ABOUT THIS EXERCISE – Please copy only the material from the line that has "Поддон для душа" to the very last line, both ends included, exactly as written and without pictures.

THE DATA –
= = = = = = =

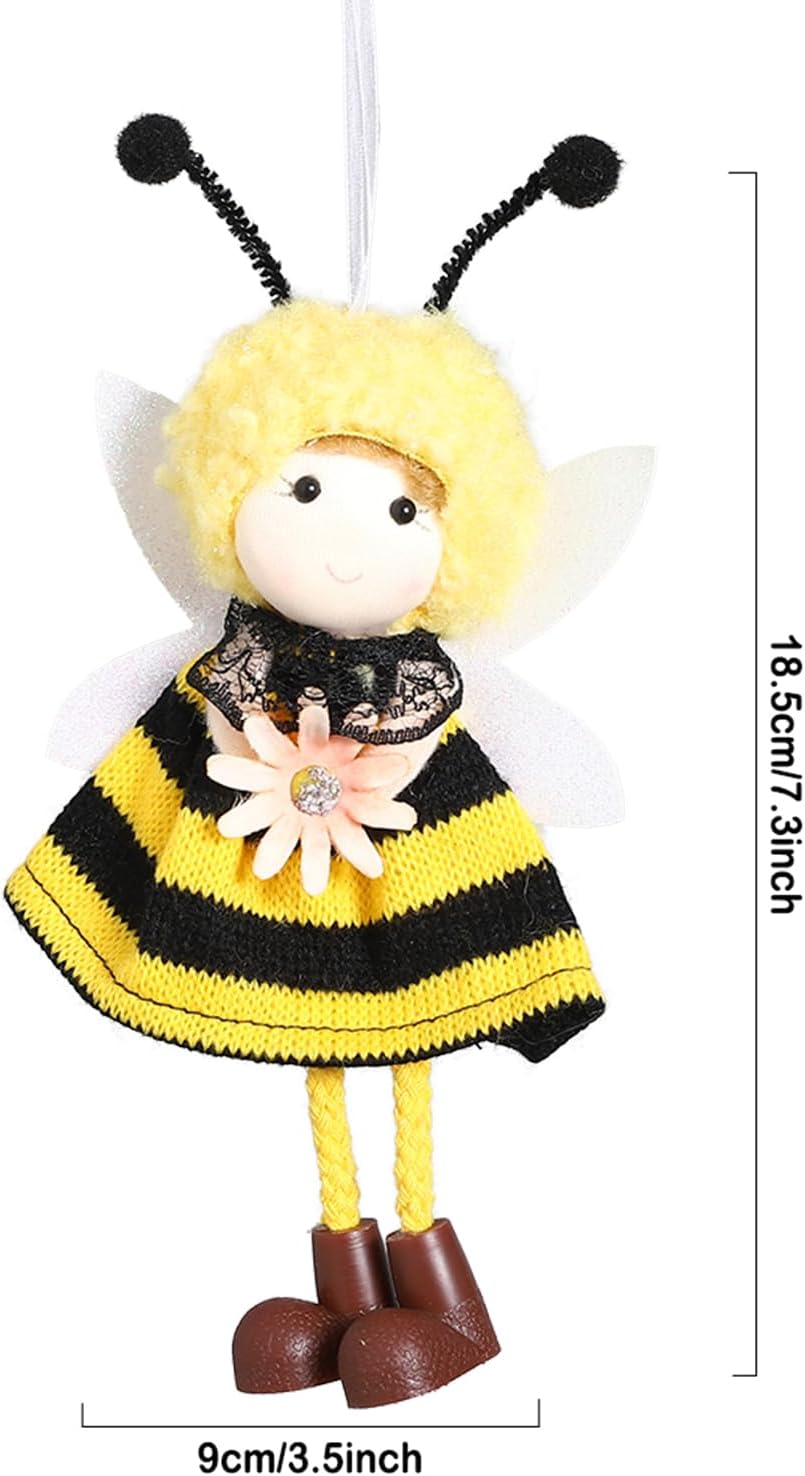 Bee Themed Birthday Decorations 3Pcs Hanging Ornament Tree with Angel Wings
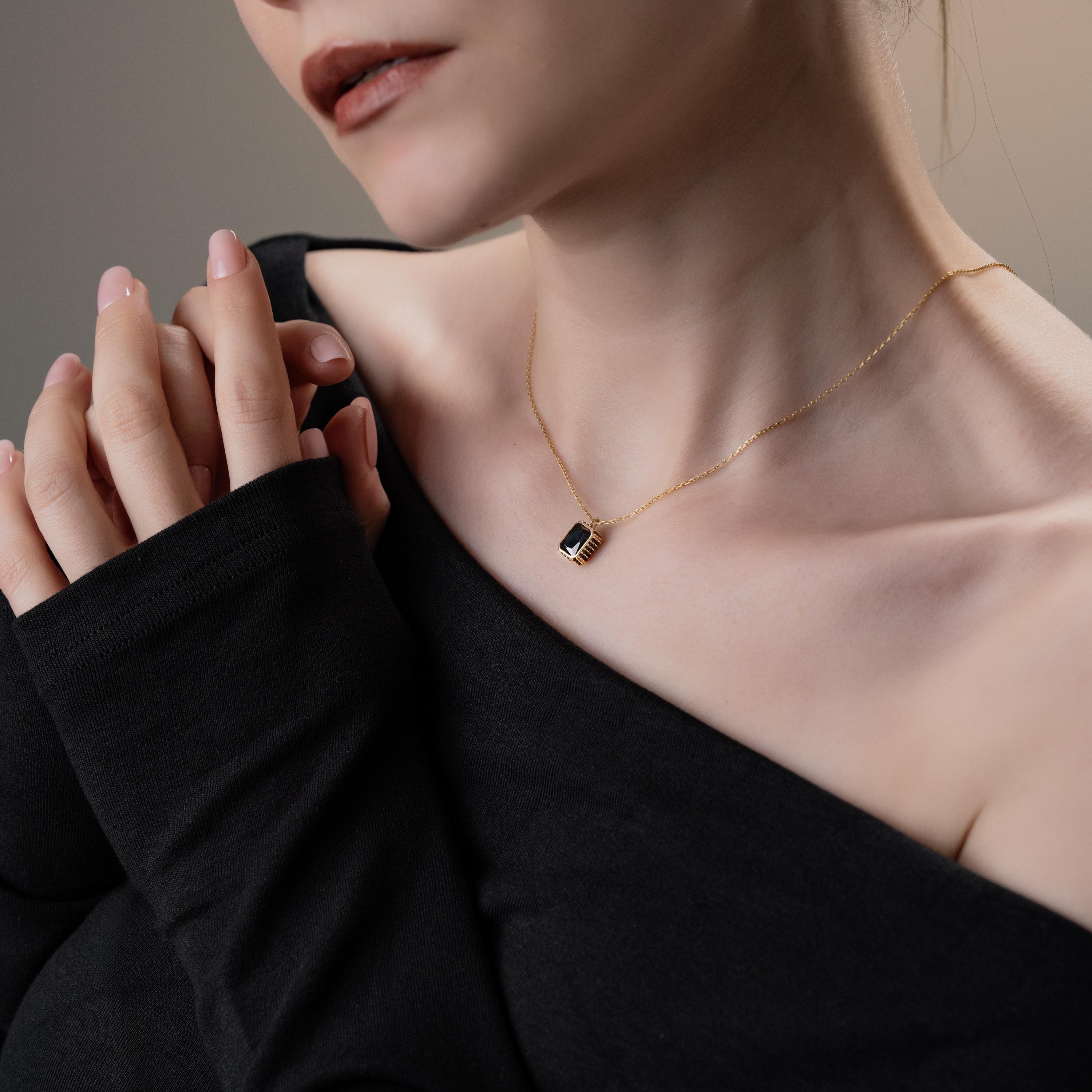 Gold Framed Black Stone Necklace , Baguette Cut Black Gem Pendant , Minimalist Handmade Jewelry , , Jewelry For Women
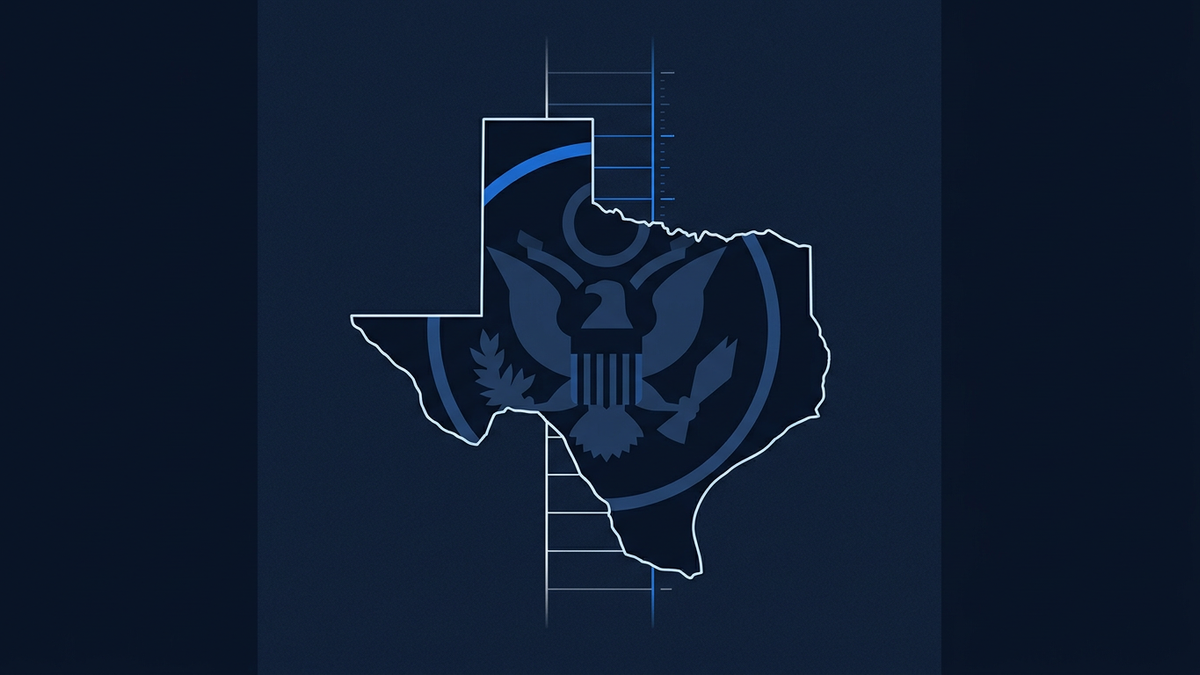 A stylised deep navy graphic showing the outline of the state of Texas overlaid with a US federal eagle seal, with blueprint grid lines and a thin blue arc in the upper portion.
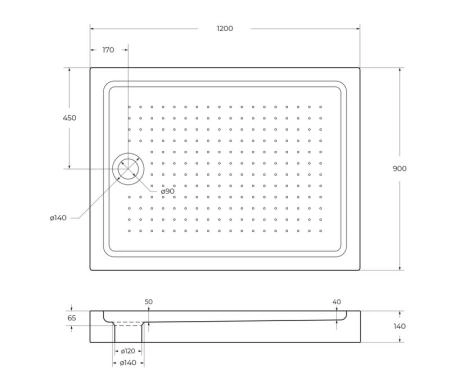 Поддон для душа BelBagno 120x90 прямоугольный акрил TRAY-BB-AH-120/90-15-W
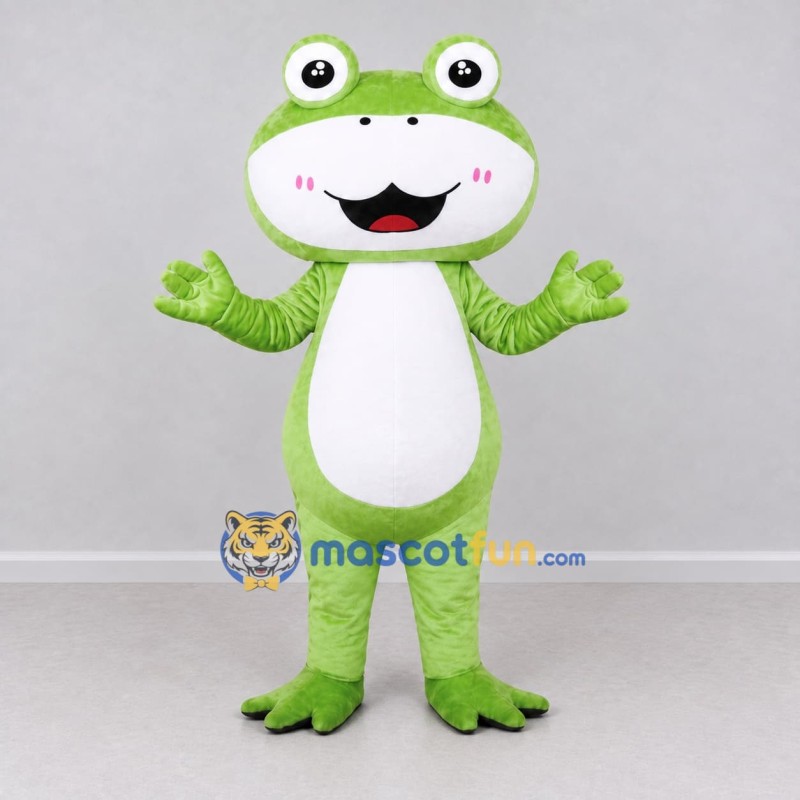 Custom Light Green and White Frog Character Mascot Costume Adult Full Body Suit for School Events Custom Light Green and White Frog Character Mascot Costume Adult Full Body Suit for School Events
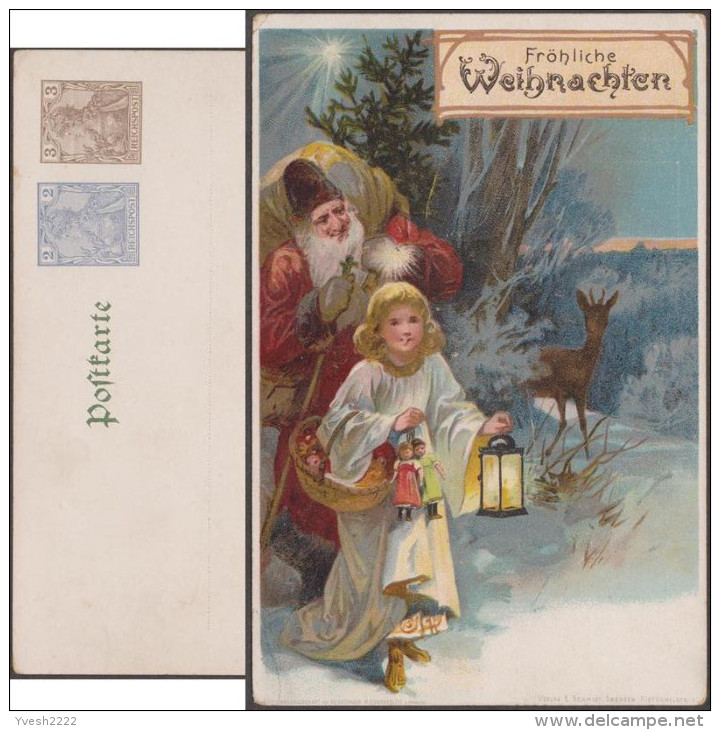 Allemagne 1900. Entier Postal TSC. Fröliche Weihnachten, Joyeux Noël. Père Noël, Faon, Poupées, étoile - Puppen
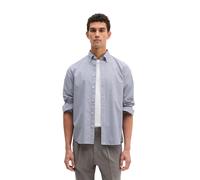 Langarmhemd MARC O'POLO "aus Bio-Baumwoll-Popeline", Herren, Gr. XL, Normalgrößen, medium blau, Obermaterial: 100% Baumwolle, gestreift, regular fit normal, Doppelmanschette, Hemden (49646700-XL) medi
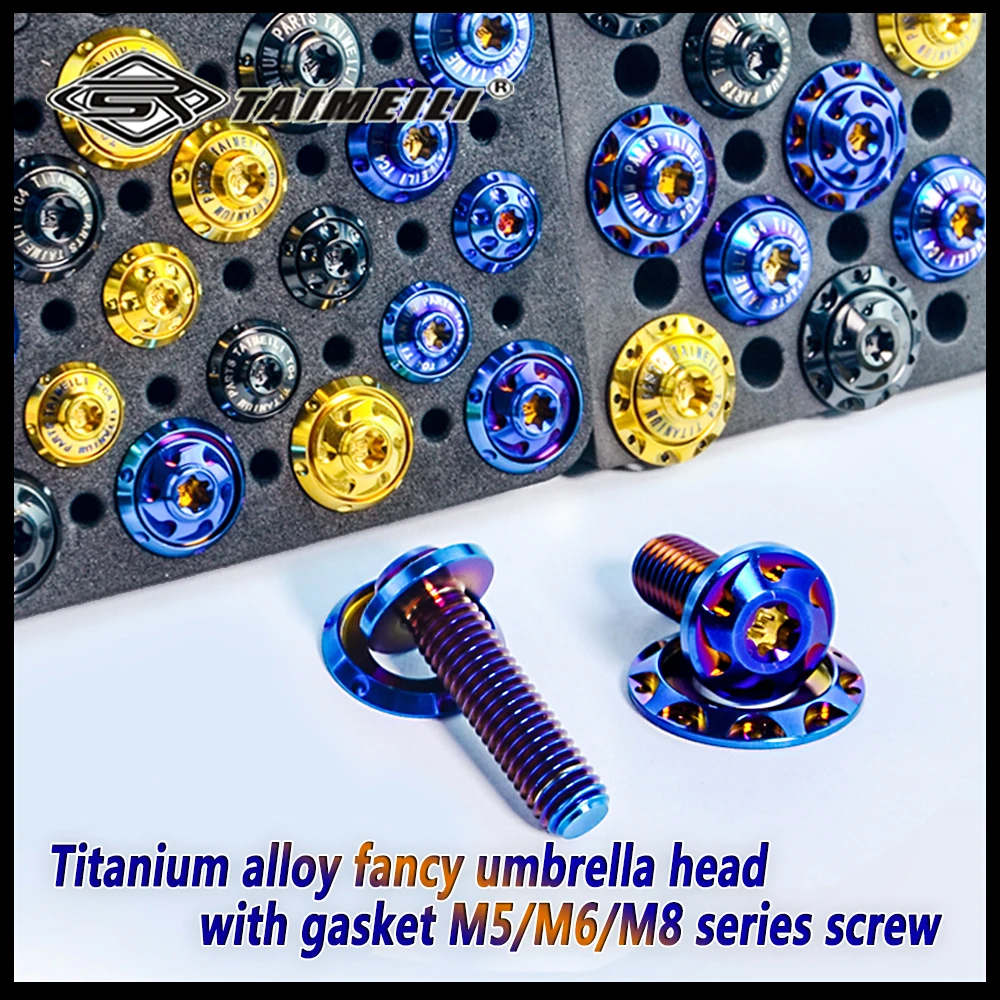 TAIMEILI 1pcs Titanium alloy bolt with gasket flying umbrella head screw M6M8x15-45mm motorcycle decoration modification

= = = = = = =

EXPECTED ANSWER –
 Поддон для душа BelBagno 120x90 прямоугольный акрил TRAY-BB-AH-120/90-15-W
 Custom Light Green and White Frog Character Mascot Costume Adult Full Body Suit for School Events Custom Light Green and White Frog Character Mascot Costume Adult Full Body Suit for School Events
 Allemagne 1900. Entier Postal TSC. Fröliche Weihnachten, Joyeux Noël. Père Noël, Faon, Poupées, étoile - Puppen
 Langarmhemd MARC O'POLO "aus Bio-Baumwoll-Popeline", Herren, Gr. XL, Normalgrößen, medium blau, Obermaterial: 100% Baumwolle, gestreift, regular fit normal, Doppelmanschette, Hemden (49646700-XL) medi
 TAIMEILI 1pcs Titanium alloy bolt with gasket flying umbrella head screw M6M8x15-45mm motorcycle decoration modification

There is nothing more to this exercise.